Anyways I was anxious but at the same time ready. I did what felt right and decided to live in the moment


----------



## Hermiter (Dec 15, 2013)

glad you had premarital sex


----------



## mjkittredge (Sep 8, 2012)

Hermiter said:


> glad you had premarital sex


That's the best kind


----------



## Perkins (Dec 14, 2010)

mjkittredge said:


> That's the best kind


For realsies.


----------



## Tryingtoacceptmyself (Jan 8, 2014)

Buckyx said:


> how much?


good one.


----------



## SmartCar (Nov 27, 2011)

Tryingtoacceptmyself said:


> I was abroad in Australia and arranged a meetup at a girls house. This was through tinder. I took uber. We were watching a show and things escalated. I had my arm stretched out on the couch next to me before she sat down. This was subtle but seemed to help. She asked me what I was thinking and I said "I really want to kiss you but i'm bad at making a move". She literally facepalmed and then we both started laughing. We made out (This is the second girl i've kissed). She asked me what I was up for and I said anything. She was shocked when she noticed me heart rate and I just said "I'm kinda the anxious type." So we had sex and it seemed like we both really enjoyed it.
> 
> I was not the most suave, I didn't say anything perfect except for "I really want to please you." She reacted nicely to that. The point is, this is possible. I acted like it wasn't a big deal that i'd never had sex before and we were giggly and open.
> 
> One of the best experiances of my life, yet I don't feel too changed. In fact i'm as lonely as ever. However this was a definite confidence boost and I do feel like i'll take away from it.


My question for a few others & the OP, were you expecting this to cure your SA? I notice you say that you don't feel too changed & say that you're as lonely as ever, even though it's a confidence boost ..were you expecting this to cure your anxiety? Just curious.


----------



## Tryingtoacceptmyself (Jan 8, 2014)

SmartCar said:


> My question for a few others & the OP, were you expecting this to cure your SA? I notice you say that you don't feel too changed & say that you're as lonely as ever, even though it's a confidence boost ..were you expecting this to cure your anxiety? Just curious.

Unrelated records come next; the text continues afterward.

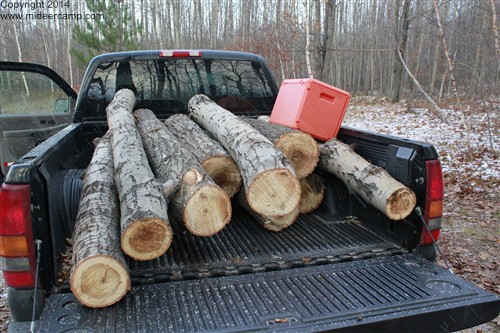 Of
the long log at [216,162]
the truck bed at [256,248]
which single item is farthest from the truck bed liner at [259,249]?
the long log at [216,162]

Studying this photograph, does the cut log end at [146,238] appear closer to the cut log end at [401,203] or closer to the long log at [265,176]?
the long log at [265,176]

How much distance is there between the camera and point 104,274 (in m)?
2.21

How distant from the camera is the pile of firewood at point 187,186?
2344mm

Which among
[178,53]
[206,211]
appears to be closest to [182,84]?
[178,53]

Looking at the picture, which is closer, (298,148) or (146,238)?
(146,238)

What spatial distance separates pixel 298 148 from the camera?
3.58 metres

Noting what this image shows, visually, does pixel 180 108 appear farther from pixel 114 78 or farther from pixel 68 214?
pixel 68 214

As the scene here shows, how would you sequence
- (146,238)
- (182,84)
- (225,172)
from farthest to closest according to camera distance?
(182,84) → (225,172) → (146,238)

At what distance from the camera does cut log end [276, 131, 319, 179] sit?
3.54 m

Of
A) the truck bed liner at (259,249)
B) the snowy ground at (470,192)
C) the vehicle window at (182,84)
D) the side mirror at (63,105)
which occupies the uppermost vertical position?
the vehicle window at (182,84)

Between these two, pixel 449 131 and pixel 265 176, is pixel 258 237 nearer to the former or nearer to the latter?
pixel 265 176

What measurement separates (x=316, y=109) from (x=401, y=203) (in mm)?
1457

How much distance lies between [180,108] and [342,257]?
9.57 feet

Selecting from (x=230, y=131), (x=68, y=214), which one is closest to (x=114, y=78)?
(x=230, y=131) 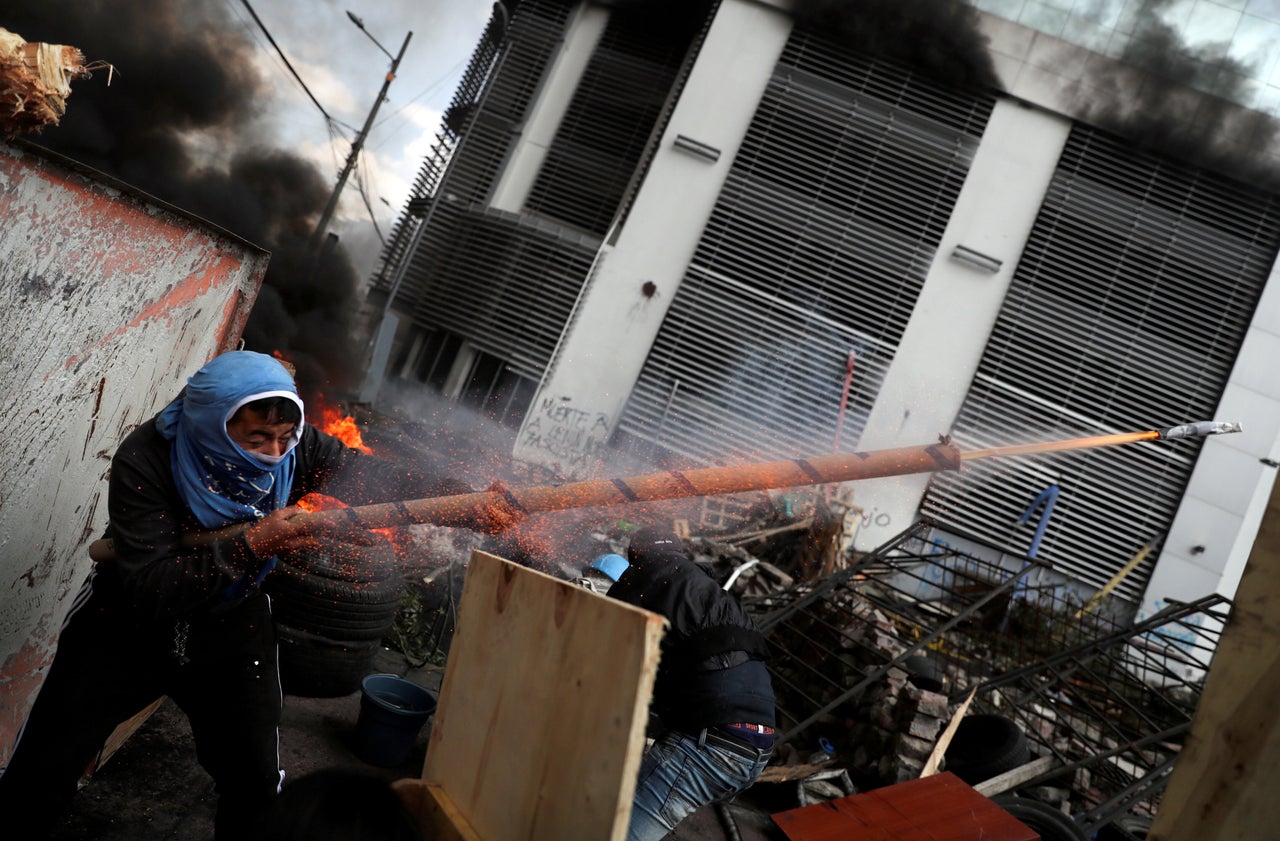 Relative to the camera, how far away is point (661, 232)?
12.4 m

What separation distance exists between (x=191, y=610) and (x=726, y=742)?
7.62 feet

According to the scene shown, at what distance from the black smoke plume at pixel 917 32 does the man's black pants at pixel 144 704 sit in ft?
41.5

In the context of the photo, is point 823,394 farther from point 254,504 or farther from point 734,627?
point 254,504

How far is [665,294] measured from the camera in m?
12.4

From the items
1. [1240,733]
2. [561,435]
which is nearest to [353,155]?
[561,435]

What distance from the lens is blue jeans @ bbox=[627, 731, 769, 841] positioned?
11.8 ft

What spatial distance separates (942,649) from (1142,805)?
2367mm

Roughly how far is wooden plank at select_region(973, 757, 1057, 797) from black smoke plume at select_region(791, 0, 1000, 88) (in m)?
10.2

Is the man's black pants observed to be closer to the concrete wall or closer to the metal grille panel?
the concrete wall

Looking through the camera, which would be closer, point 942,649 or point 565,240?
point 942,649

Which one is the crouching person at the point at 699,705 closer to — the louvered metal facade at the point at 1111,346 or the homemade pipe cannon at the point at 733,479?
the homemade pipe cannon at the point at 733,479

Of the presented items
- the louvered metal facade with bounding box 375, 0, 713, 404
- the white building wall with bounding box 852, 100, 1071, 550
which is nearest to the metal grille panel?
the louvered metal facade with bounding box 375, 0, 713, 404

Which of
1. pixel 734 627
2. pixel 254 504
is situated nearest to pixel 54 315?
pixel 254 504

No I was not. I did this knowing I would likely not see her again and build a relationship. I do still feel like i've gained some confidence from this experience but I don't necessarily feel like a new person. I've always wanted sex more for intimacy than self change. Also i'm glad I won't have to wonder what this feels like now. I feel less desperate. Still lonely though. Still get racing thoughts. Still feel inferior to others in my own way. But maybe this will change one day.


----------



## MegaNix (Sep 29, 2014)

Tryingtoacceptmyself said:


> No I was not. I did this knowing I would likely not see her again and build a relationship. I do still feel like i've gained some confidence from this experience but I don't necessarily feel like a new person. I've always wanted sex more for intimacy than self change. Also i'm glad I won't have to wonder what this feels like now. I feel less desperate. Still lonely though. Still get racing thoughts. Still feel inferior to others in my own way. But maybe this will change one day.


I don't think that any experience however profound can change your brain to think differently. Better to change habits slowly and move your comfort zone little by little. But having sex and realizes how it is, can be an eye opener in a "so that's just it?" kind of way. You then realize that sex is only a little aspect of life and you can focus on other things instead of ruminate about you are a virgin.


----------



## Nernef (Nov 21, 2015)

She sounded nice, hope I meet one that puts out so easy one day.


----------



## surviving (Oct 2, 2015)

MegaNix said:


> I don't think that any experience however profound can change your brain to think differently. Better to change habits slowly and move your comfort zone little by little. But having sex and realizes how it is, can be an eye opener in a "so that's just it?" kind of way. You then realize that sex is only a little aspect of life and you can focus on other things instead of ruminate about you are a virgin.


THIS!


----------



## Hermiter (Dec 15, 2013)

check the lost and found
or hang up signs on the posts

LOST VIRGINITY


----------



## Tryingtoacceptmyself (Jan 8, 2014)

Hermiter said:


> check the lost and found
> or hang up signs on the posts
> 
> LOST VIRGINITY


I'm not looking for it


----------



## AngelClare (Jul 10, 2012)

Nice use of technology--Tinder and Uber.

Will you see her again? Do you like her?


----------



## Section80 (Jul 6, 2014)

Just out of curiosity how long did you last?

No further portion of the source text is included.